The push for more efficient vehicles is leading automakers to develop new and ingenious ways to save fuel--without detracting from the driving experience of their vehicles. Many of these systems operate without the driver ever knowing anything is happening--which is just how Mercedes' new Intelligent Hybrid system will work.
Existing hybrid setups are fairly unintrusive of course, but many are compromised by not knowing what the road in front of you will hold. Hybrids rely on features like regenerative braking to recuperate kinetic energy, charging the car's battery pack for use further down the road. Such systems have limits though--when a pack is fully charged, the regenerative effect can decrease, meaning you have to brake harder, wasting energy. At other times, your last period of regenerative braking may not have charged the batteries up enough to assist on a large hill--again, requiring extra fuel to shove you along.
By monitoring the road ahead using data from the COMAND navigation system, Intelligent Hybrid ensures that the battery is only charged sufficiently for the terrain ahead. If you're approaching a long downward slope in the next few miles, for example, the car knows it'll soon receive a full charge from the kinetic energy of traveling downhill. The system can assign more electric power to the motor in the meantime--giving less work for the engine to do, therefore saving fuel and producing lower emissions.
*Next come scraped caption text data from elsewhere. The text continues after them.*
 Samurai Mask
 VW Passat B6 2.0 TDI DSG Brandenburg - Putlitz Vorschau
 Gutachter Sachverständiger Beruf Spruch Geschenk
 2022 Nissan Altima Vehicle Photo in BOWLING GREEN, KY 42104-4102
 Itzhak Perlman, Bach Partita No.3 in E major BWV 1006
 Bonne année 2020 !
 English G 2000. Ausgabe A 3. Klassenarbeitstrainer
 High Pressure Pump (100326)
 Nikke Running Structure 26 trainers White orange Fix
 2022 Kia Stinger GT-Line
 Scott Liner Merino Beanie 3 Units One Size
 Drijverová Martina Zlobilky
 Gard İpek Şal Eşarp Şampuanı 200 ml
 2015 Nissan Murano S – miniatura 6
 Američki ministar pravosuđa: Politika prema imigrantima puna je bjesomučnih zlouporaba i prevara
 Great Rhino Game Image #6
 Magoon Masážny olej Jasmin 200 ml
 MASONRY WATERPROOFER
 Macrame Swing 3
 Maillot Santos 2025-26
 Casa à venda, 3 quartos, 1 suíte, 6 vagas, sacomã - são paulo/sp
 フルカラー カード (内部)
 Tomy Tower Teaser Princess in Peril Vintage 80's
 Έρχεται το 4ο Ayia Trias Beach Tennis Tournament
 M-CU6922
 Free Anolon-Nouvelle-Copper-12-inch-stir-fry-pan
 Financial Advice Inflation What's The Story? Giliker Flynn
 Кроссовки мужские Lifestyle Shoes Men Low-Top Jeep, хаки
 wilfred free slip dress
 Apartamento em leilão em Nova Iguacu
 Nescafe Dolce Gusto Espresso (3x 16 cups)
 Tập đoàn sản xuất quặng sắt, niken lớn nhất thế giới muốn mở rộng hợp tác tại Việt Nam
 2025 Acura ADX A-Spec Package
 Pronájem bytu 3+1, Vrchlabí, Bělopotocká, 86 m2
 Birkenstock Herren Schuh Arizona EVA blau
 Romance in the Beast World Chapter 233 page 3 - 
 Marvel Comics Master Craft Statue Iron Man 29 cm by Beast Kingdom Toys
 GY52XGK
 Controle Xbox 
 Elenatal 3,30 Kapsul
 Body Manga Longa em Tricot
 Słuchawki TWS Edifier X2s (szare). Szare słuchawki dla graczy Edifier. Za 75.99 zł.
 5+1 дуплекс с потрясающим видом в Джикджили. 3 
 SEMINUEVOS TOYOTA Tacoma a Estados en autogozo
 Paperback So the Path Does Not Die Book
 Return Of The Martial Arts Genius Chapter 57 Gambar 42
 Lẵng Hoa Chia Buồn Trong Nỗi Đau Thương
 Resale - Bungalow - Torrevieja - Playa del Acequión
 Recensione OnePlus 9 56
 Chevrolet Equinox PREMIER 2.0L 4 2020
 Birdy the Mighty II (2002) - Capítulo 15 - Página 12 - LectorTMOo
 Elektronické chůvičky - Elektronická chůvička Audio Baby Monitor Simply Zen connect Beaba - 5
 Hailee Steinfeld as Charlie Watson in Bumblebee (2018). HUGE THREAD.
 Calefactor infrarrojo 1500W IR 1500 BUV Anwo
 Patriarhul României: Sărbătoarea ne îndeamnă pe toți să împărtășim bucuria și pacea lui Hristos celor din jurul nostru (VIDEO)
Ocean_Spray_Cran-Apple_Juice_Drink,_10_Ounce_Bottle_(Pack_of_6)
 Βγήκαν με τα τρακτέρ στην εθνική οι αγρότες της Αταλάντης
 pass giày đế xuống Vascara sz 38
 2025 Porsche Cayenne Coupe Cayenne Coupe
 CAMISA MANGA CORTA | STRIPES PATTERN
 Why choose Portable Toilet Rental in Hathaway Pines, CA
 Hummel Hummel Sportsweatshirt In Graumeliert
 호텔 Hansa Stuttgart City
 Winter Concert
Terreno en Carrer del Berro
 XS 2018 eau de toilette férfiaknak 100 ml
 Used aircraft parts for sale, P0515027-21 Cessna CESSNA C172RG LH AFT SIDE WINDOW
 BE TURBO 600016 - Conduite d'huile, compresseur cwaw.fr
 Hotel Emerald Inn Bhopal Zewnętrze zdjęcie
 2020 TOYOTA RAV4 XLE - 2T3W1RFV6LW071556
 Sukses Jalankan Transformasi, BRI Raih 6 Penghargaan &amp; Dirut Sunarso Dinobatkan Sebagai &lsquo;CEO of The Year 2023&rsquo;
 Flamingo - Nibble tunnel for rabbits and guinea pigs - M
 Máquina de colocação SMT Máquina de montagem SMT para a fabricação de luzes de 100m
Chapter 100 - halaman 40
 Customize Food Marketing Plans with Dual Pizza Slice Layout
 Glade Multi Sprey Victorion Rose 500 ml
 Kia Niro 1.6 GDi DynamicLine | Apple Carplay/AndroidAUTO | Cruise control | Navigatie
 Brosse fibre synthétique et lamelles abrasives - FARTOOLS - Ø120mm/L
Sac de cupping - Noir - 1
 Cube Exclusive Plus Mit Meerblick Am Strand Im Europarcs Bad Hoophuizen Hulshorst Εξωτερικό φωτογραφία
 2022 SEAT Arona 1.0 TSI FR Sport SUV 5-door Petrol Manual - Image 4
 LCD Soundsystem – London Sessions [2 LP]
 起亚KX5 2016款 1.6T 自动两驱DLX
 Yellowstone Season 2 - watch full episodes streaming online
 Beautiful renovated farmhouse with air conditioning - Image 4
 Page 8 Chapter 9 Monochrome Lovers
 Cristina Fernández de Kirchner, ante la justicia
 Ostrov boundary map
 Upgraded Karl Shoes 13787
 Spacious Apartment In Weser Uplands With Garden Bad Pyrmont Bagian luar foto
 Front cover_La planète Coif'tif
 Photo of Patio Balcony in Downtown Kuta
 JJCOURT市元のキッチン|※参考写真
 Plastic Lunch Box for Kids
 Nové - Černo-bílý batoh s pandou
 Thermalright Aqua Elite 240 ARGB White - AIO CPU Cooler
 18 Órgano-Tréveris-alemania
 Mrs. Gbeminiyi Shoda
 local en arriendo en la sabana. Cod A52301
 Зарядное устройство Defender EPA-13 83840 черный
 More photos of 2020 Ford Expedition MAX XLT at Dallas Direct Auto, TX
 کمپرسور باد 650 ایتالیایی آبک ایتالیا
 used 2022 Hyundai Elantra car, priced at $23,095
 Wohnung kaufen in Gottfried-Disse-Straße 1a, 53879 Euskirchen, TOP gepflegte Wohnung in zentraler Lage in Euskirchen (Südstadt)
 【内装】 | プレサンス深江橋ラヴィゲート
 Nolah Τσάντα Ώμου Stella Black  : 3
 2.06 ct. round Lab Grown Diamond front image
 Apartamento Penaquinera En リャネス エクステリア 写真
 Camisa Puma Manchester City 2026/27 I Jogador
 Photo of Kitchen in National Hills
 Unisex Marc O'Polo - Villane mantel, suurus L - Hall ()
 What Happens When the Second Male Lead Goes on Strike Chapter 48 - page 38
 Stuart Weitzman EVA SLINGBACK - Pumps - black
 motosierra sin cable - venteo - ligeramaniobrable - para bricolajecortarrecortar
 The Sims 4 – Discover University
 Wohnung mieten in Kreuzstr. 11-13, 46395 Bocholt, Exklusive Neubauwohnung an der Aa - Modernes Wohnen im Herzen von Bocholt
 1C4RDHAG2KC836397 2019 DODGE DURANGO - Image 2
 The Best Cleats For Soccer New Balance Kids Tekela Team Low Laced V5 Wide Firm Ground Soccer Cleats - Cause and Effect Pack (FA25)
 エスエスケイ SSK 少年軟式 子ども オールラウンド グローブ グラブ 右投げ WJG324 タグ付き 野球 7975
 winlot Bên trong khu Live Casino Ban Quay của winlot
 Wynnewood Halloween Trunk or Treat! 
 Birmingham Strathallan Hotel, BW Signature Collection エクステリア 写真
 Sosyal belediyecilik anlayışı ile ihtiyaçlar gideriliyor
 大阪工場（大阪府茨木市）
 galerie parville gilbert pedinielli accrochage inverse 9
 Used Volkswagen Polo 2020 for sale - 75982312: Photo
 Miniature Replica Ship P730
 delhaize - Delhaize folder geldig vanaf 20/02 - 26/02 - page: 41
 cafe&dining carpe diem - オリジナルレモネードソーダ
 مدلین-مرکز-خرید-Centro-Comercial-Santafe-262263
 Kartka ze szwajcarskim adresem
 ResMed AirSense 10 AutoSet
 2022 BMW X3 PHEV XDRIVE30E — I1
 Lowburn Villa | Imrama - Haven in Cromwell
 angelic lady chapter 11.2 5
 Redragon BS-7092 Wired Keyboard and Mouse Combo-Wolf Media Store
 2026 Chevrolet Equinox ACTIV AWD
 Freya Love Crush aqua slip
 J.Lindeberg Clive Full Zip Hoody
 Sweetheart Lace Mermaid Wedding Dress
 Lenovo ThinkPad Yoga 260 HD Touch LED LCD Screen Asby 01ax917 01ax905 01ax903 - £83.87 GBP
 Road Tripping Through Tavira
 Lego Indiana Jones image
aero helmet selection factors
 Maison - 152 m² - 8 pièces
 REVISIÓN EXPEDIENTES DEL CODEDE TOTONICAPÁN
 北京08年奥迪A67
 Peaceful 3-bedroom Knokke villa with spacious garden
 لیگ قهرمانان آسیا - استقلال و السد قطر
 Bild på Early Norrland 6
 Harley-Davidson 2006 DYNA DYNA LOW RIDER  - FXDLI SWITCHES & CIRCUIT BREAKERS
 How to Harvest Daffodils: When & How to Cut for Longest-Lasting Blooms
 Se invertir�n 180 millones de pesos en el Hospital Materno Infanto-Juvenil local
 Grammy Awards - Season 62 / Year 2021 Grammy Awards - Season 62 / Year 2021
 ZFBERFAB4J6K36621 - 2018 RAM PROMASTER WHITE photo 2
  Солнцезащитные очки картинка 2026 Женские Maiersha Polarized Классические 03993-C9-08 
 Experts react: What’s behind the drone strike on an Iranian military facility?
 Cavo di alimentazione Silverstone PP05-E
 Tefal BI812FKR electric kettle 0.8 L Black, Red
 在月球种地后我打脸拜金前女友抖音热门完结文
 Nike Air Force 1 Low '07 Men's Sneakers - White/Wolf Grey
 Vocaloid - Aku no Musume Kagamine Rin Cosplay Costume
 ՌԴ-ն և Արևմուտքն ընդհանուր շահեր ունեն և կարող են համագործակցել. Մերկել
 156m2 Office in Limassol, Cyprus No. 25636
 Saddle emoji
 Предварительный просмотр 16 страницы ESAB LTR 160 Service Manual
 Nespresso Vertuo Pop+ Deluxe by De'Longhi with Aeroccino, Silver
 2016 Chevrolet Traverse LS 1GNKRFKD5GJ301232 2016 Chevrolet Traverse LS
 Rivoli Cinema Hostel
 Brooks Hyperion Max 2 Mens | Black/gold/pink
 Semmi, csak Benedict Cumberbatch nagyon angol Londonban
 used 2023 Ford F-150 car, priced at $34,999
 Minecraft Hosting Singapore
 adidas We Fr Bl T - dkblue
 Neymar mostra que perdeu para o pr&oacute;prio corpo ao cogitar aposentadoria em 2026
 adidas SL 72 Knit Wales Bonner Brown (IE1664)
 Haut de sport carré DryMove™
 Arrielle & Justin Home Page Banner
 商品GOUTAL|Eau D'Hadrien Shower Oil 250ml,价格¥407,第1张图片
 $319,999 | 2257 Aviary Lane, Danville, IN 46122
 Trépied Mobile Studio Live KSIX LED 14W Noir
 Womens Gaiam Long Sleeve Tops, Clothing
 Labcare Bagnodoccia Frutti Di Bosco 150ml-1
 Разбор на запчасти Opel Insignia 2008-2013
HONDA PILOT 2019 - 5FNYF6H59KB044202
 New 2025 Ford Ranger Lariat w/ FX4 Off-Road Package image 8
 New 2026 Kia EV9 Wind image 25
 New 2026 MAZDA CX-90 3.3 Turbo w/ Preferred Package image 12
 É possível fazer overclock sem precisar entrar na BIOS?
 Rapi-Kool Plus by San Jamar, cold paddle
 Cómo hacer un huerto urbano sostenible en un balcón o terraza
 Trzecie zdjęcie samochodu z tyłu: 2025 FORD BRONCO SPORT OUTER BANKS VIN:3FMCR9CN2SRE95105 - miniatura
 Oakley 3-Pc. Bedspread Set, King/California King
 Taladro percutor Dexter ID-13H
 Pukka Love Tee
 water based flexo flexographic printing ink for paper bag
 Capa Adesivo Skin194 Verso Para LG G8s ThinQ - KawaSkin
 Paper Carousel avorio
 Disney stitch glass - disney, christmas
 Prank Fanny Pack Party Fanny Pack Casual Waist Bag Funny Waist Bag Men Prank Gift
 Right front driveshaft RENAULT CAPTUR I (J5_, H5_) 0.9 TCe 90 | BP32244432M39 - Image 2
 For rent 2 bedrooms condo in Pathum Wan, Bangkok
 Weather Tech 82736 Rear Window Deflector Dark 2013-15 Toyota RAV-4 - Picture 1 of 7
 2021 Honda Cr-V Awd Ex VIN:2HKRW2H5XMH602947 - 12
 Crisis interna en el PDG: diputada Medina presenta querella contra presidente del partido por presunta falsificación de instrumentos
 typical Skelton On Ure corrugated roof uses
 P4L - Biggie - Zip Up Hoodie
It isn't the first time we've seen navigation-assisted systems in a car--Rolls-Royce debuted a transmission in the Wraith coupe that uses navigation data to assist with assigning the correct gear. Should a driver be approaching a downhill corner and need a little help slowing down, the car will already have selected a lower gear for greater engine braking. If it knows you're in a sequence of corners, it won't change up needlessly in the middle of a turn.
This is the first time we've seen a navigation-assisted hybrid setup though, and it could prove a real fuel-saver for future Mercedes hybrid buyers. The company notes that drivers in more mountainous regions will save the most, as the car is best able to apportion electric power given the topography ahead. It's already available on hybrid S-Class models, and is coming to the smaller C-Class soon.
In general, Mercedes attributes its increasing hybrid expertise on its Formula One program. 2014 is proving a highly fruitful year for the company's F1 team, with victories in all three races so far. While true parallels between Formula One and road-going vehicles are slim, F1's increasing focus on hybridization has certainly led to efficiency gains for the company's road cars.